Cycle-accurate measurement on the Athlon
As several of you are, I am working on a general framework to
achieve cycle-accurate measurement on my Athlon Thunderbird. My
initial focus is on integer code.
BITS 32
GLOBAL time_code
SECTION .mytext progbits alloc exec nowrite align=64
%macro read_timestamp_counter 0
xor eax, eax
cpuid
rdtsc
%endmacro
ALIGN XXX
time_code:
push ebx
push esi
read_timestamp_counter
mov esi, eax
%rep YYY
nop
%endrep
read_timestamp_counter
sub eax, esi
pop esi
pop ebx
ret
I then call time_code() 20,000 times from a tiny C program for
different values of XXX and YYY (XXX=0..63 and YYY=0..1023)

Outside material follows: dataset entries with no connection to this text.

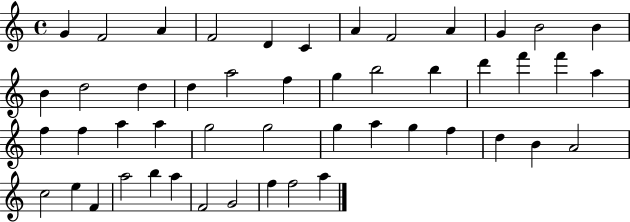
X:1
T:Untitled
M:4/4
L:1/4
K:C
G F2 A F2 D C A F2 A G B2 B B d2 d d a2 f g b2 b d' f' f' a f f a a g2 g2 g a g f d B A2 c2 e F a2 b a F2 G2 f f2 a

For a given XXX and YYY, I make sure I get consistent results, that
is I check there are no more than 40 values - 0.2% - different from
the preponderant value.
For a given YYY, I check that all results are identical.
Conclusions:
In this case, alignment does not matter, which is not surprising
since NOPs are only one byte long. But I had to check if I wanted to
be thorough.
I computed a linear regression: CYCLES = (YYY + 1) / 3 + 60
The formulate is accurate to within one cycle, as long as x is
greater to 6.
Interesting points:
The first and second measurements are often incorrect, but the third
measurement is always correct. Therefore the first two measurements
should be discarded.
There are some strange results for several values of YYY:
11 64
12 64
13 64
14 65
15 65
16 65
17 68 *** EXPECTED 66 ***
18 67 *** EXPECTED 66 ***
19 67 *** EXPECTED 66 ***
20 67
21 67
22 67
23 68
24 68
25 68
17 is funky :-)
Anyway, I'll be happy to hear any comments, or suggestions. Next
week, I'll play around with instructions other than NOPs. I suspect
alignement will then matter, I wonder how much.
My ultimate goal is to write an "optimizing assembler", that is an
assembler which reorders instructions to find the optimal code
schedule on a particular x86 micro-architecture.